··· Data under study
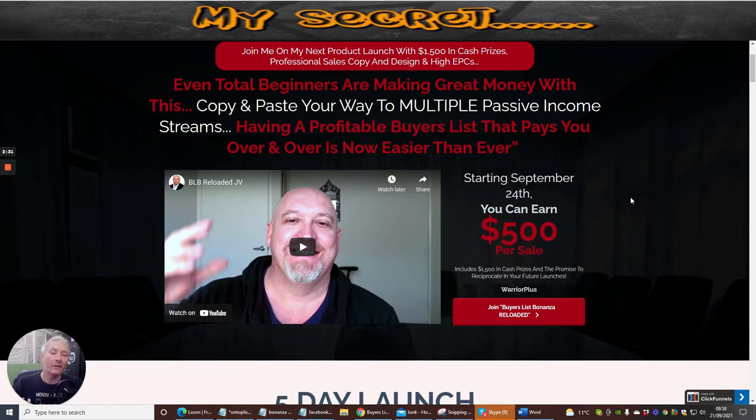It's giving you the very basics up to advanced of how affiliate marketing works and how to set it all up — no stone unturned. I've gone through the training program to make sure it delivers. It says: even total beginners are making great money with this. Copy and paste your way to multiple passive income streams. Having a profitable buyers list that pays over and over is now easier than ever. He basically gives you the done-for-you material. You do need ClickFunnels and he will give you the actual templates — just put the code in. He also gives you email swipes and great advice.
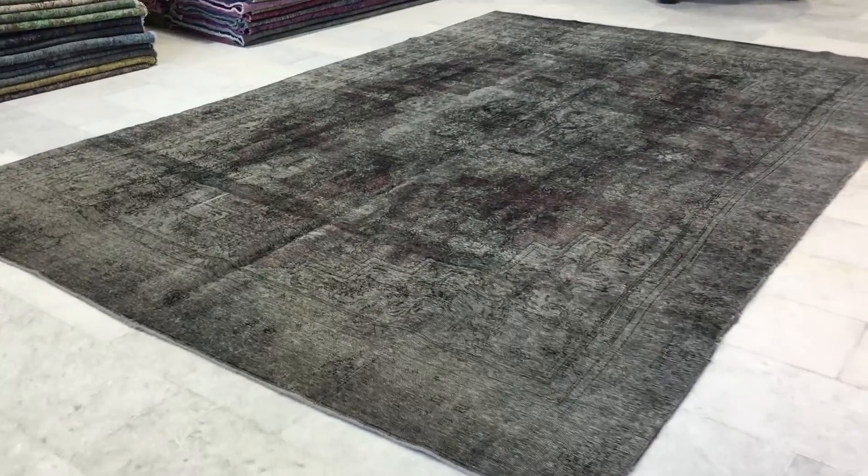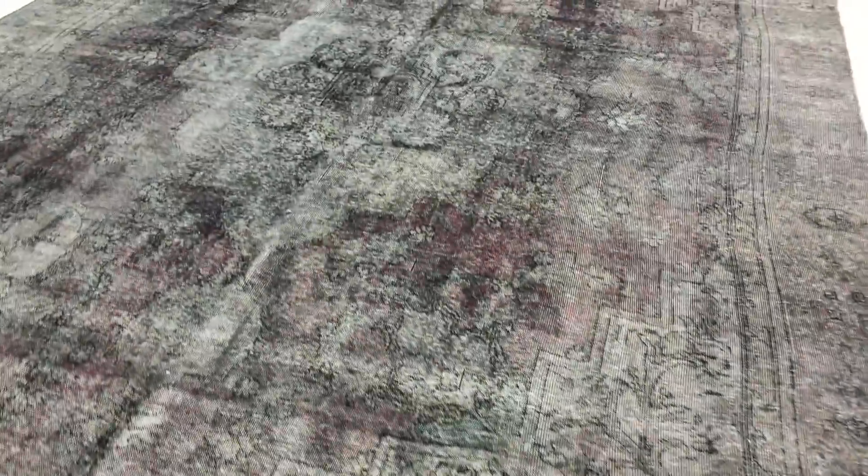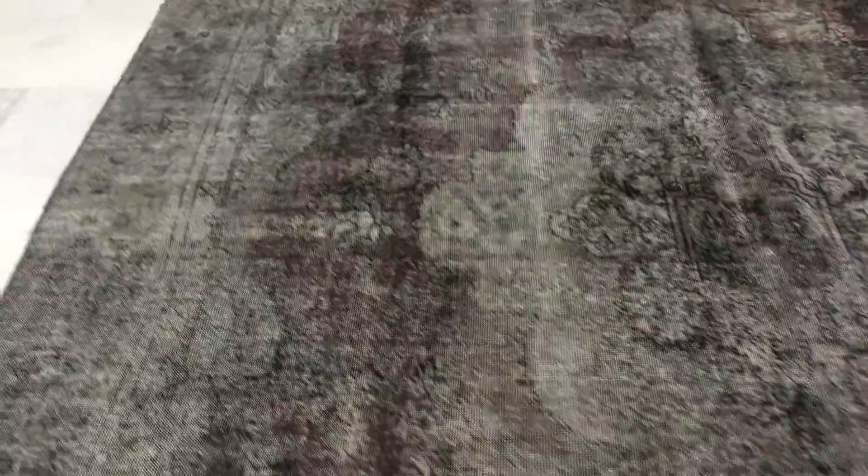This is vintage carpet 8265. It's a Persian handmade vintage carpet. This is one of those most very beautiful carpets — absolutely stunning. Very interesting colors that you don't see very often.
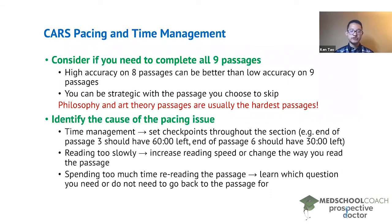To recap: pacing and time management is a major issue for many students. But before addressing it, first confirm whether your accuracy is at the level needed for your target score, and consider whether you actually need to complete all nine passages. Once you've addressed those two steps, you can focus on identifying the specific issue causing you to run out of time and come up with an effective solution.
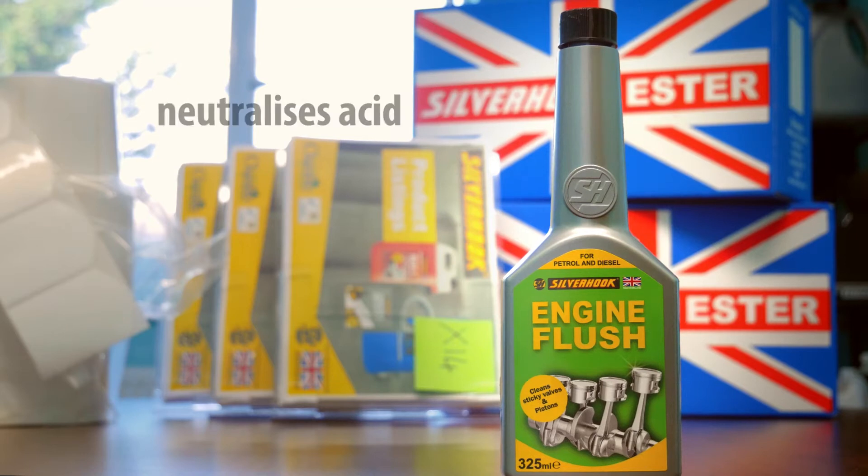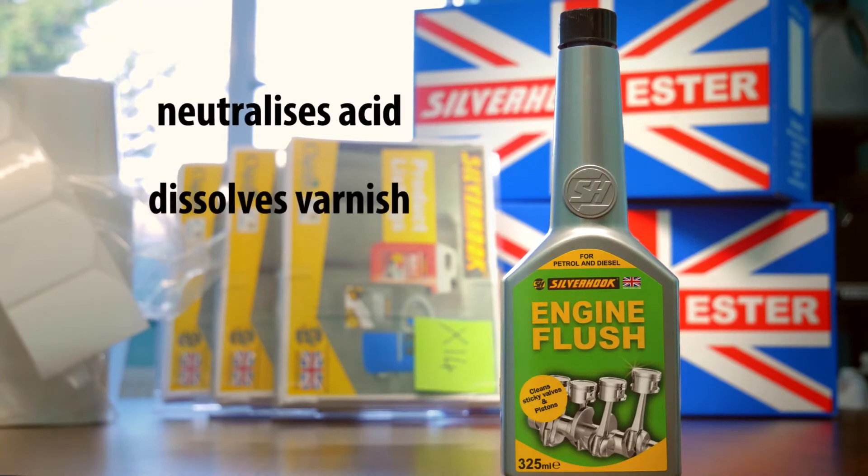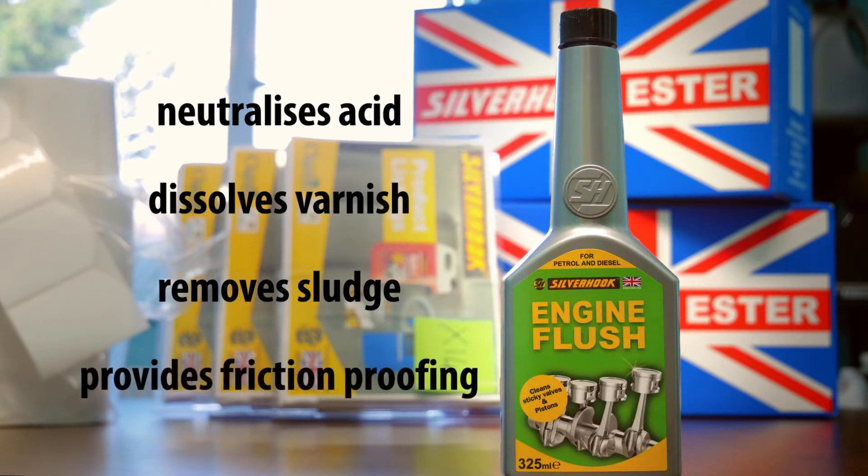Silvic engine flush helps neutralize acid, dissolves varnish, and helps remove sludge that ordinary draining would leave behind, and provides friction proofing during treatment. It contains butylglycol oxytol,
······
··· Data under study
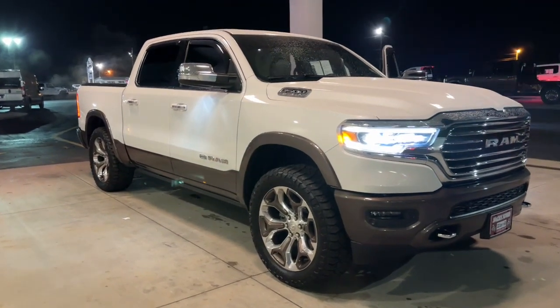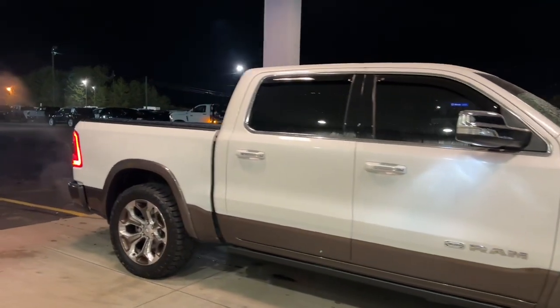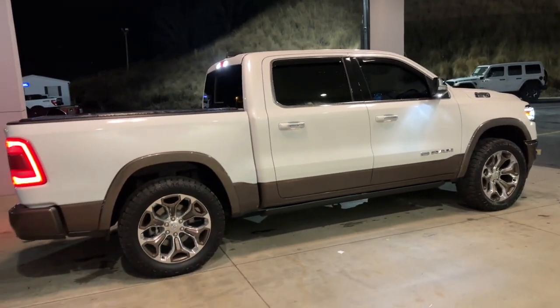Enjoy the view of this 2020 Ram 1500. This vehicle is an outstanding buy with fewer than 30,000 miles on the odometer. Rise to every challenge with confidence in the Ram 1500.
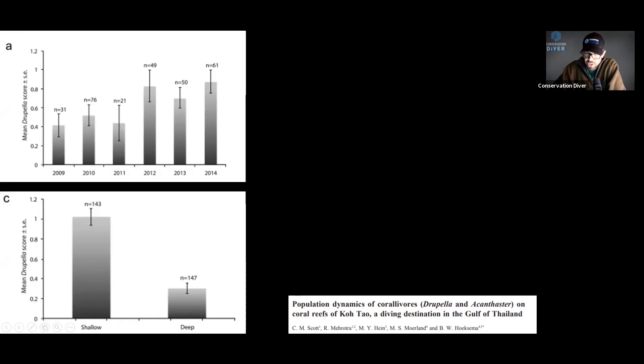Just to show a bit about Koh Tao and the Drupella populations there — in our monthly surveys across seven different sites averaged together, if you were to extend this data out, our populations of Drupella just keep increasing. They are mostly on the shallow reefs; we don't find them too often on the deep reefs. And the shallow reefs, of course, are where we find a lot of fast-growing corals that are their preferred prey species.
······
Task instructions: Extract, without any images, the part of the material above that opens with the line containing "It's giving you" and closes with the line containing "To recap: pacing", both lines included.

Response below:
It's giving you the very basics up to advanced of how affiliate marketing works and how to set it all up — no stone unturned. I've gone through the training program to make sure it delivers. It says: even total beginners are making great money with this. Copy and paste your way to multiple passive income streams. Having a profitable buyers list that pays over and over is now easier than ever. He basically gives you the done-for-you material. You do need ClickFunnels and he will give you the actual templates — just put the code in. He also gives you email swipes and great advice.
This is vintage carpet 8265. It's a Persian handmade vintage carpet. This is one of those most very beautiful carpets — absolutely stunning. Very interesting colors that you don't see very often.
To recap: pacing and time management is a major issue for many students. But before addressing it, first confirm whether your accuracy is at the level needed for your target score, and consider whether you actually need to complete all nine passages. Once you've addressed those two steps, you can focus on identifying the specific issue causing you to run out of time and come up with an effective solution.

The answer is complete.